- _Aim of the exercise_: Would you restate the full listing word for word and omit its pictures?

━━━━━ Supplied data

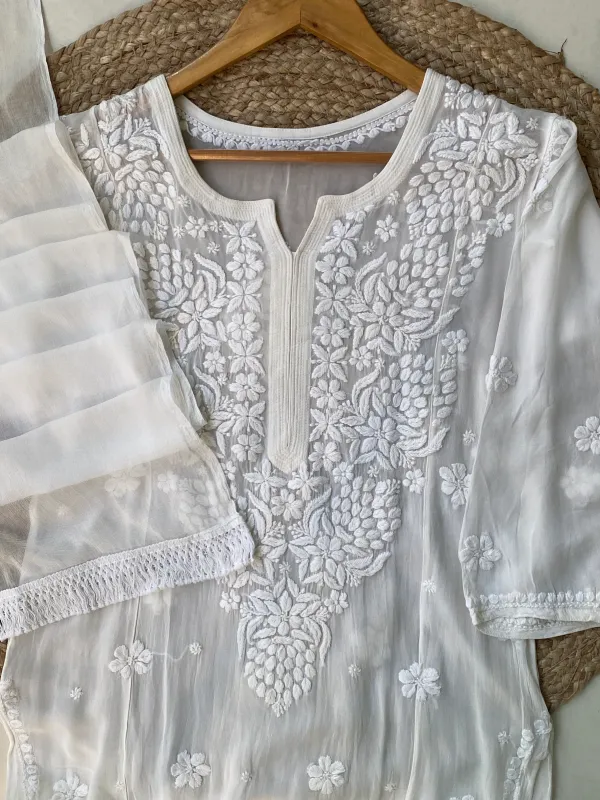 Viscose Chikankari Kurta and Dupatta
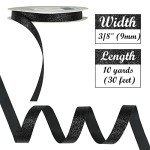 Glitter Black Ribbon for Gifts and Crafts, 25 Yards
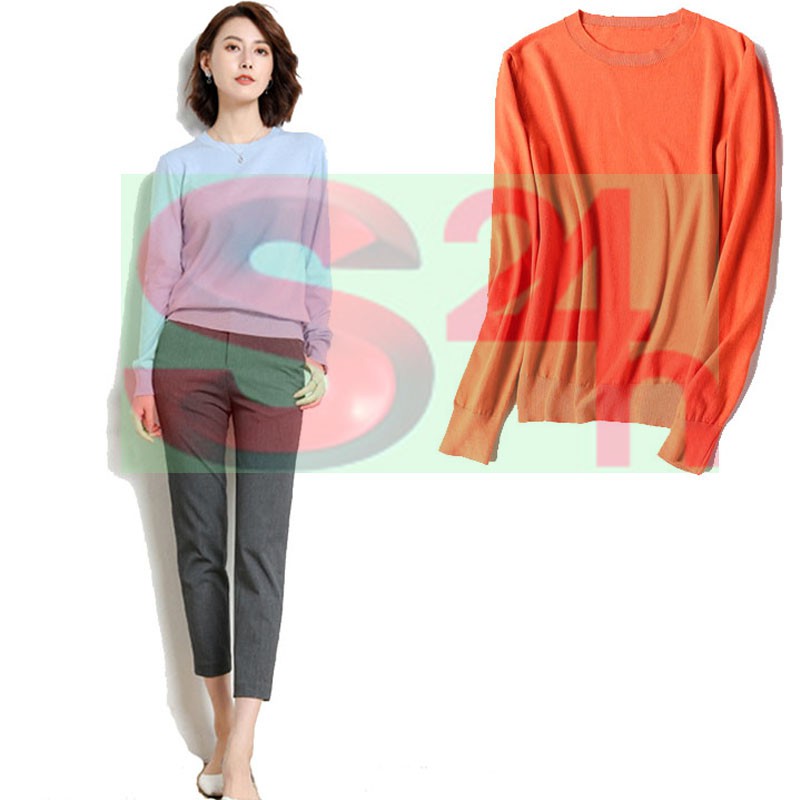 Áo len nữ Mỏng, cổ Tròn, Dài tay, Bo cạp, đủ Size, đủ Màu | BigBuy360 - bigbuy360.vn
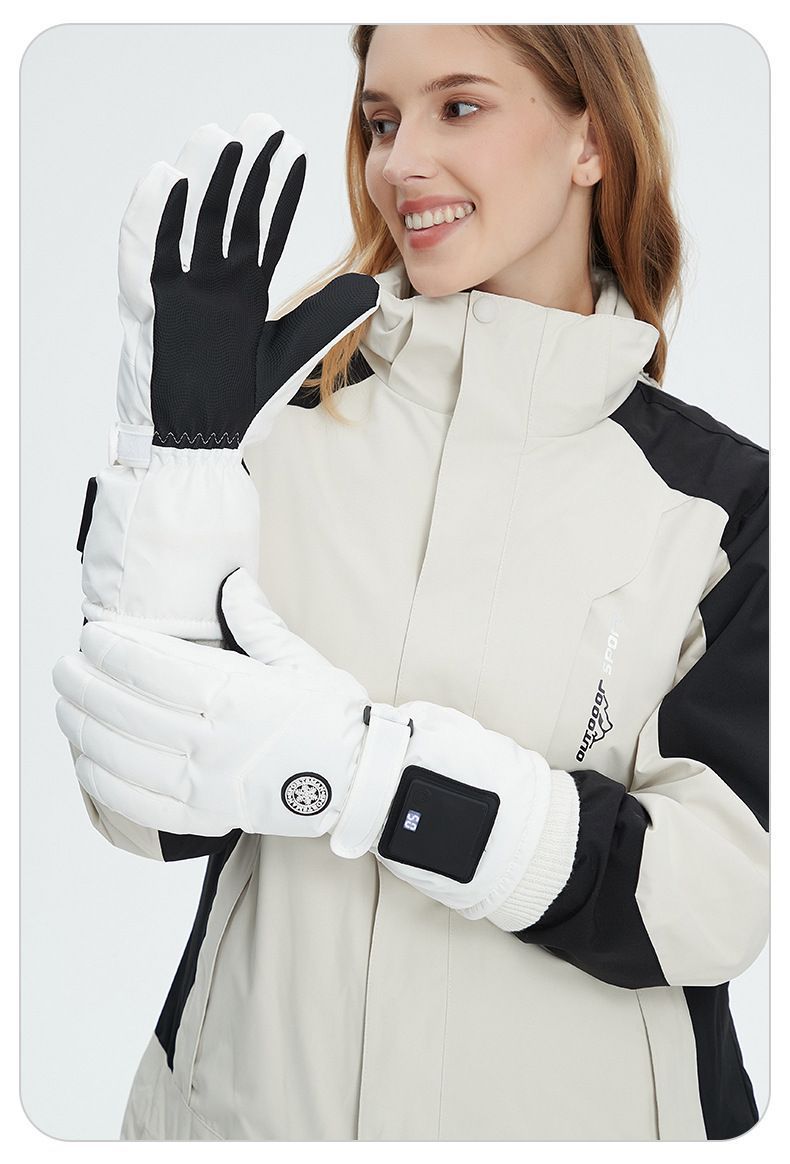 Outdoor Smart Heated Winter Gloves White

━━━━━━━━━━

- _Task result_:
 Viscose Chikankari Kurta and Dupatta
 Glitter Black Ribbon for Gifts and Crafts, 25 Yards
 Áo len nữ Mỏng, cổ Tròn, Dài tay, Bo cạp, đủ Size, đủ Màu | BigBuy360 - bigbuy360.vn
 Outdoor Smart Heated Winter Gloves White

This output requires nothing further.